Wel geld voor prestigeprojecten, niet voor veiligheid

De NMBS werd de afgelopen jaren opgesplitst in drie bedrijven: het vervoerbedrijf NMBS, de infrastructuurbeheerder Infrabel en een holding met operationele bevoegdheden als personeelsbeleid, juridische zaken, financiën en coördinatie. De holding werd eigenaar van de stations en parkings. Er werden topmanagers aangetrokken voor de drie onderdelen: Jannie Haek (ex-kabinetschef van Vande Lanotte, SP.a), Luc Lallemand (ex-kabinetsmedewerker van Daerden, PS) en Descheemaeker, voorheen topmanager bij ISS. Samen met de splitsing ging het aantal personeelsleden naar beneden: van de 42.000 in 2004 tot ongeveer 38.000 vandaag en dat ondanks een toename van het vervoer.

Onder druk van de liberalisering van het spoorwegverkeer wordt van het personeel bij het goederentransport en ook steeds meer bij het reizigersvervoer steeds meer flexibiliteit verwacht. Met minder personeel meer transport verrichten, is het doel van de verschillende directies die op deze manier winst willen boeken. De NMBS-site meldt trots dat in 2007 (de laatste gegevens op deze site) met de groep een nettowinst van 12,9 miljoen euro werd geboekt.

Als er de afgelopen jaren al werd geïnvesteerd, dan was dit niet zozeer in veiligheid. Wel in prestigeprojecten als de TGV-lijn of de erg dure nieuwe stations in onder meer Luik-Guillemins, goed voor een half miljard euro. Er was wel geld voor een grootschalig project dat vooral de bouwbedrijven ten goede kwam, maar te weinig voor de veiligheid van personeel en reizigers. Ook dit kadert in het liberaliseringsbeleid waarbij er enkel aandacht is voor reizigers met meer middelen (zakenlui) en het prestige van de spoorwegen, maar niet voor de dienstverlening en de veiligheid. Het gebrek aan investeringen in materieel en personeel zorgt voor steeds meer mankementen en bijhorende vertragingen.
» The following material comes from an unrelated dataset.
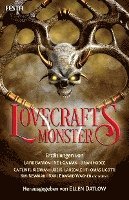 bokomslag Lovecrafts Monster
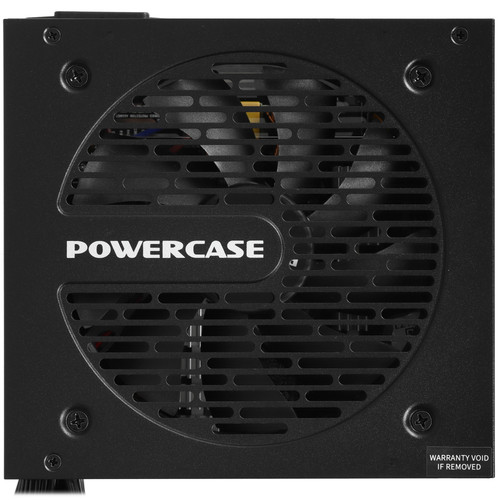 Купить Блок питания PowerCase PB700 [PS-700B-DC] черный  9168455. Характеристики, отзывы и цены в Донецке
Wiens verantwoordelijkheid?

De directie ontkent iedere verantwoordelijkheid en beweert te investeren in veiligheid. De huidige top beweert: “Zodra we de leiding hadden over het spoor, hebben we onmiddellijk werk gemaakt van een eigen veiligheidssysteem.” Hun voorganger, Karel Vinck, is sinds 2005 overigens Europees coördinator voor de uitbouw van een veiligheidssysteem. Om de eigen handen beter in onschuld te kunnen wassen, is het personeel gevraagd om niet te reageren. Als een treinbestuurder wel reageerde, werd dit afgedaan als een “emotionele reactie”.

Tot nu toe bleef het antwoord van de directie altijd beperkt tot mooie woorden na een ramp. Sinds het ongeval in mei 2009 is er niets gebeurd om het vertreksysteem veiliger te maken, toen werden ook daar beloften rond gedaan. Deze directie reageert enkel met beloften indien dit nodig is voor haar imago. De enigen die systematisch wezen op het probleem van de veiligheid, waren de vakbonden. Die zouden nu het ontslag van de directie kunnen eisen en waarom niet meteen ook van de politieke verantwoordelijken indien deze blijven meestappen in de liberaliseringlogica?

Voor degelijk openbaar vervoer

De spontane acties van de afgelopen dagen zetten druk op de vakbondsleiding. Dat moet worden gebruikt om de verdere afbouw van het goederenverkeer tegen te houden alsook om de dienstverlening en arbeidsvoorwaarden te verdedigen. De verslagenheid na deze ramp is groot, zowel bij personeel als bij reizigers. Dat moet als basis dienen voor eengemaakt verzet tegen de verdere afbouw van de dienstverlening en de veiligheid.

De discussie over openbaar vervoer moet kaderen in een algemene discussie over transport en mobiliteit. Het tijdelijk afsluiten van de lijn Brussel-Bergen zal het autoverkeer op de snelweg doen toenemen, dit is op een snelweg die algemeen bekend staat als bijzonder gevaarlijk door een totaal gebrek aan onderhoud. Dat veroorzaakt heel wat ongevallen. Ook op het vlak van wegenonderhoud zien we dat veiligheid vandaag geen prioriteit is voor de traditionele partijen.

Er is dringend nood aan meer en degelijk openbaar vervoer met voldoende personeel en degelijk materieel om dit te realiseren. Van de huidige directie en de regering moeten we zoiets niet verwachten. De controle op een essentiële openbare dienst zoals vervoer moet in handen komen van diegenen die er het beste zicht op hebben: het personeel en de reizigers. Het aanbieden van een dienst aan de gemeenschap moet daarbij centraal staan, wat betekent dat wordt gebroken met de logica van dit systeem waarin enkel de winsten tellen.